_Assignment_
Please repeat nothing except the lines from the one containing "Lampe turque sur" through the end of the records, exactly and without pictures.

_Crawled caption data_

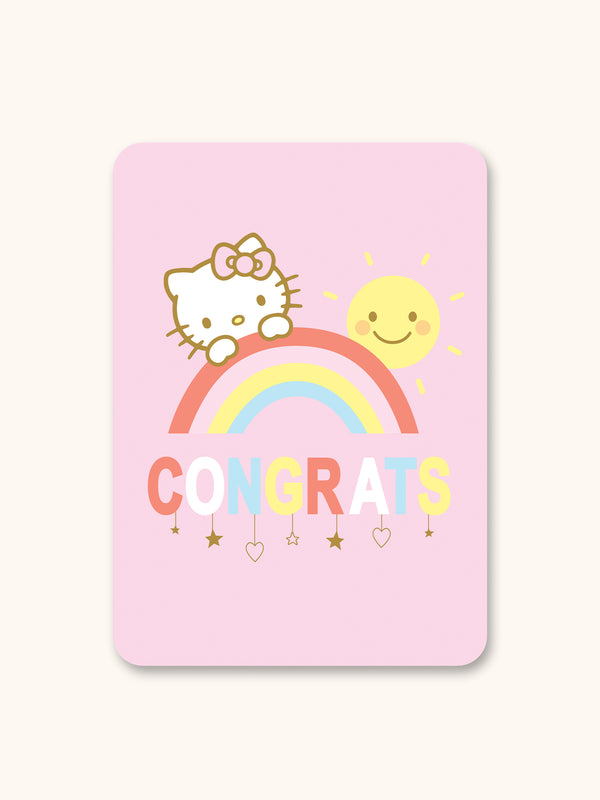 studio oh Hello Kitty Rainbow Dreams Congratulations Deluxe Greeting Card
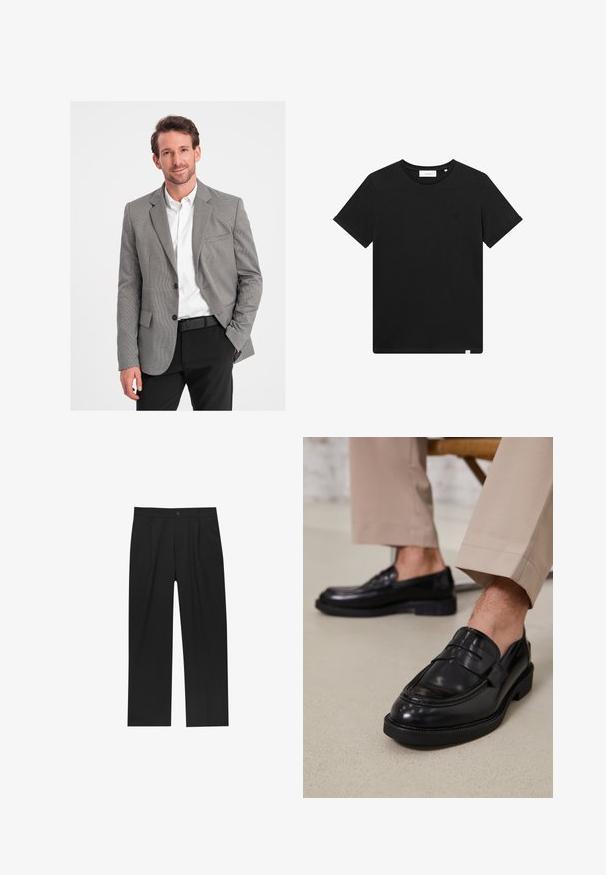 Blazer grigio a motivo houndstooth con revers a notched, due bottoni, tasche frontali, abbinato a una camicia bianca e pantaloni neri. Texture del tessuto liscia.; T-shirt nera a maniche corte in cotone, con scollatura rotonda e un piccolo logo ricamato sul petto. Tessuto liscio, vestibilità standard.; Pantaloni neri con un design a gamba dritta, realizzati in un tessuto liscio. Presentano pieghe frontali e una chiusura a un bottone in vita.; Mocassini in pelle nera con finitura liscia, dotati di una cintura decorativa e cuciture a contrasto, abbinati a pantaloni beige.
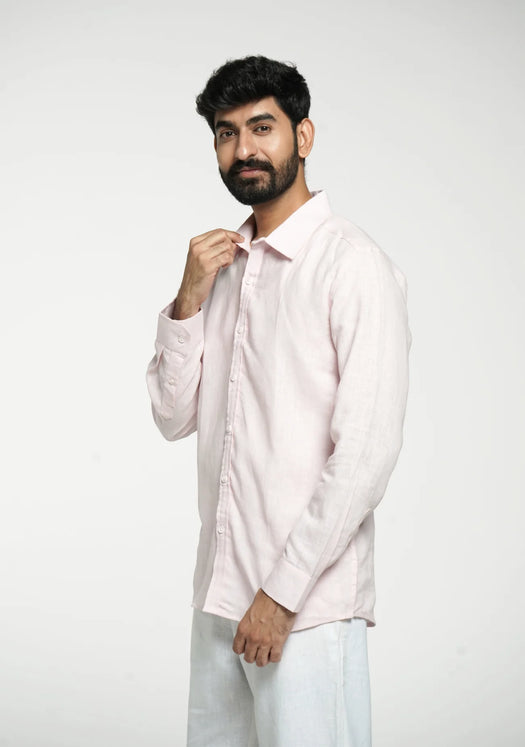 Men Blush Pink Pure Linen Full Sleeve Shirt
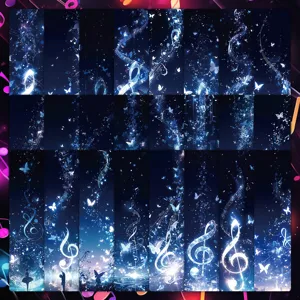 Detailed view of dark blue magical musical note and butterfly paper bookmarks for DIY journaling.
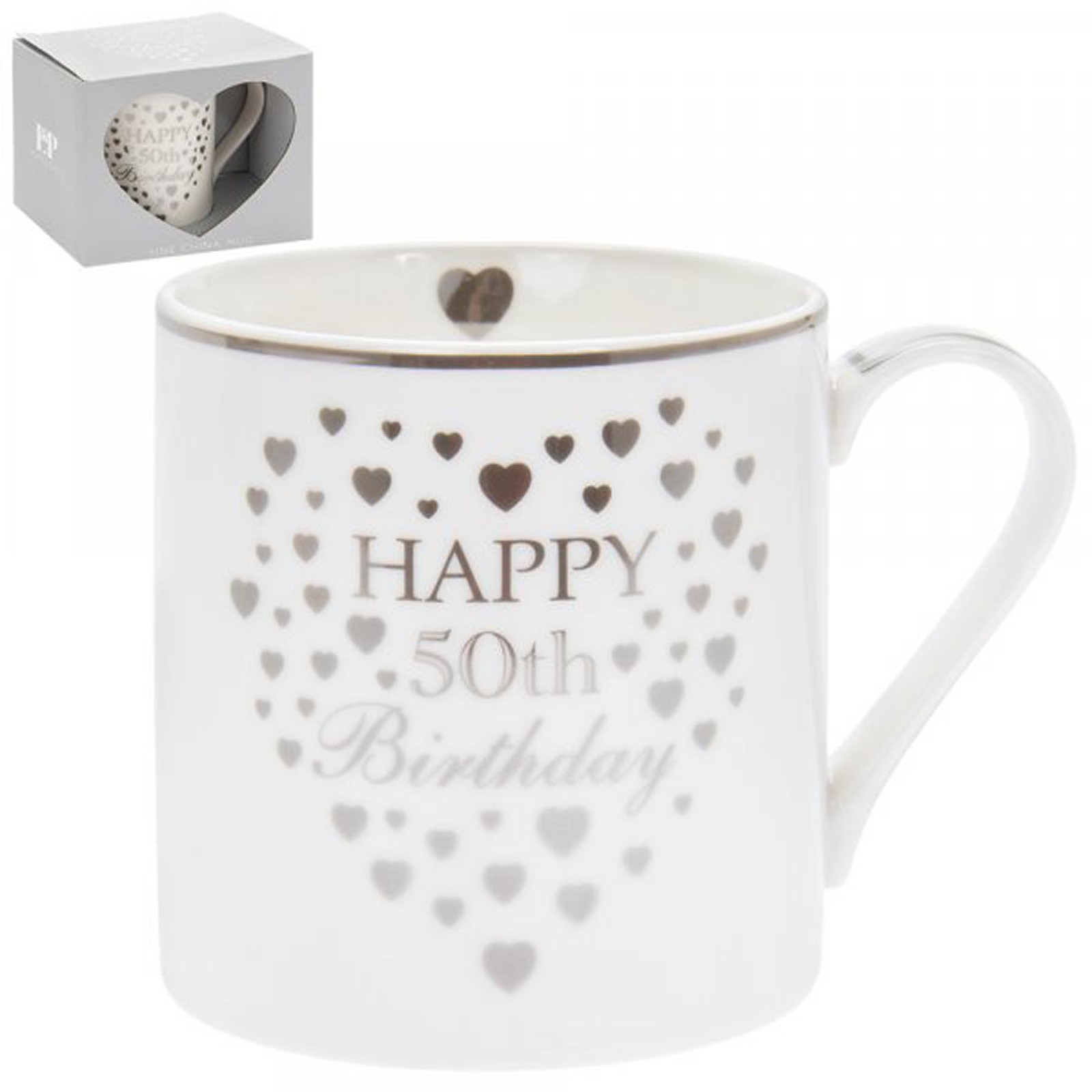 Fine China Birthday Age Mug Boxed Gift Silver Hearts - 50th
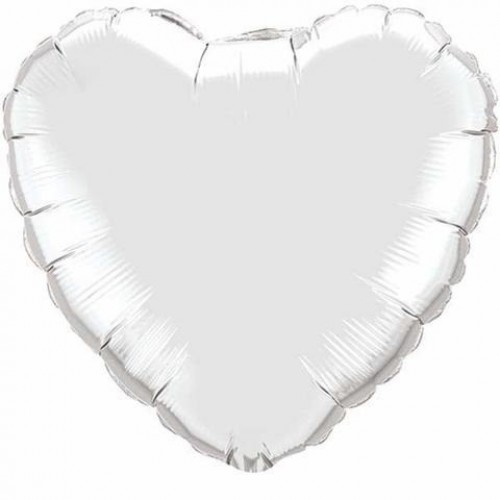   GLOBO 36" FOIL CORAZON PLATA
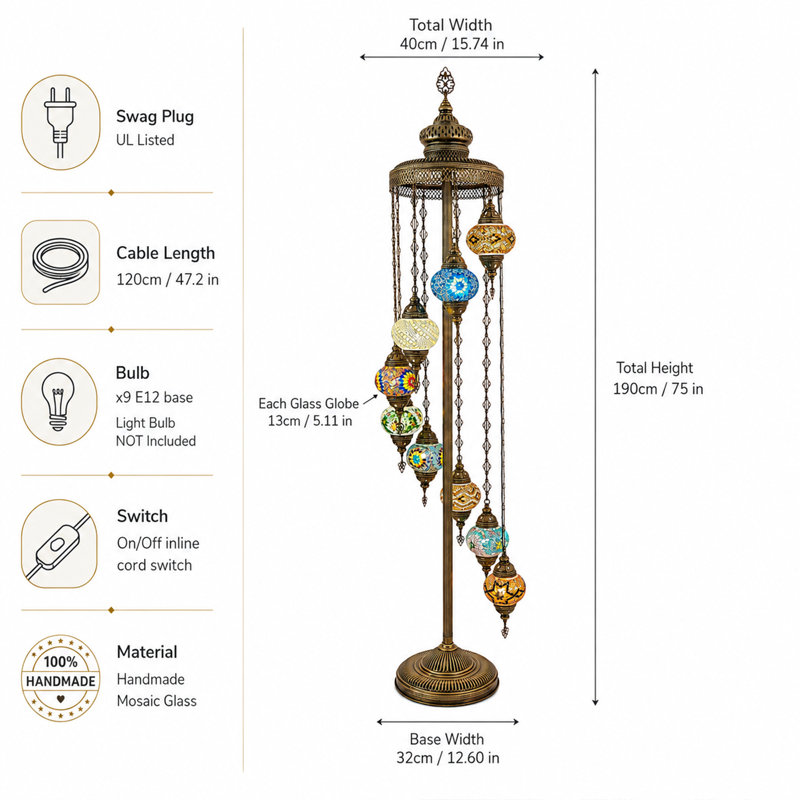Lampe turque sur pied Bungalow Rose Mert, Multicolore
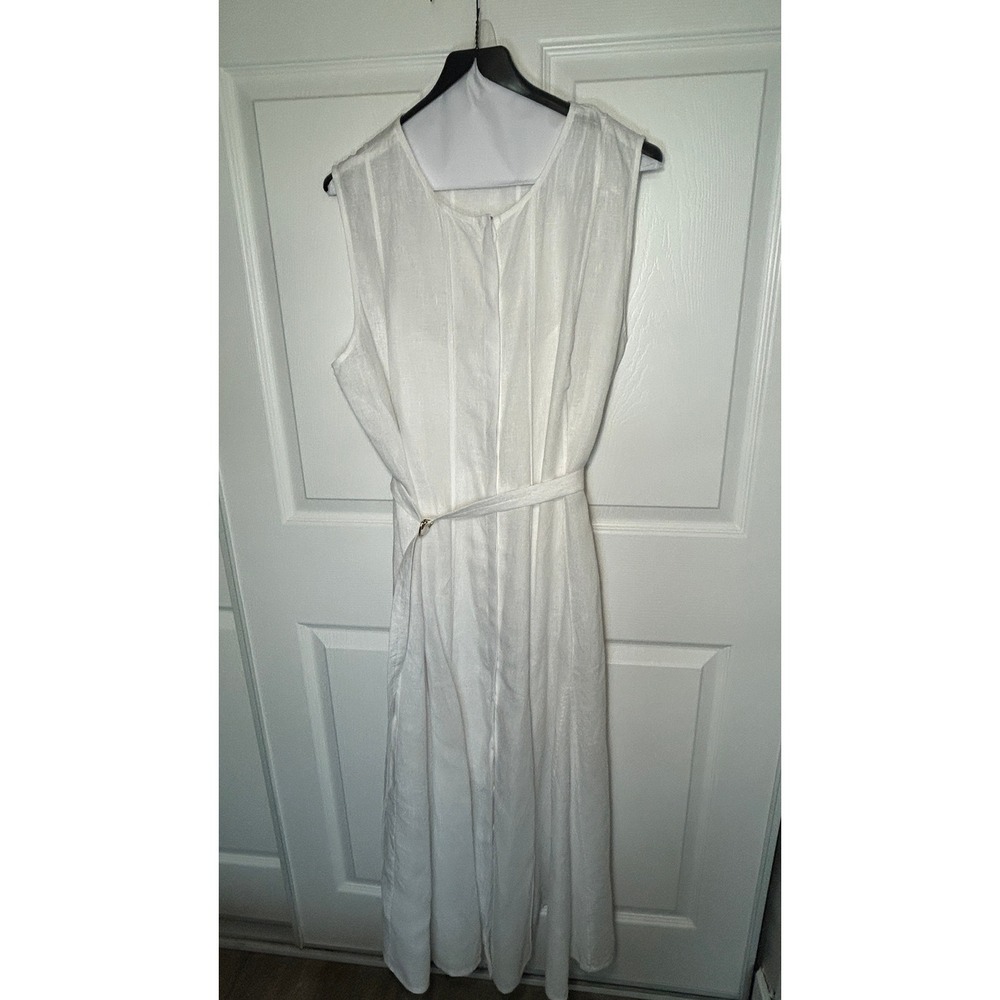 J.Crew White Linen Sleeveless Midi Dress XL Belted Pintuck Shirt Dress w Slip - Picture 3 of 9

_Answer to this problem_
Lampe turque sur pied Bungalow Rose Mert, Multicolore
 J.Crew White Linen Sleeveless Midi Dress XL Belted Pintuck Shirt Dress w Slip - Picture 3 of 9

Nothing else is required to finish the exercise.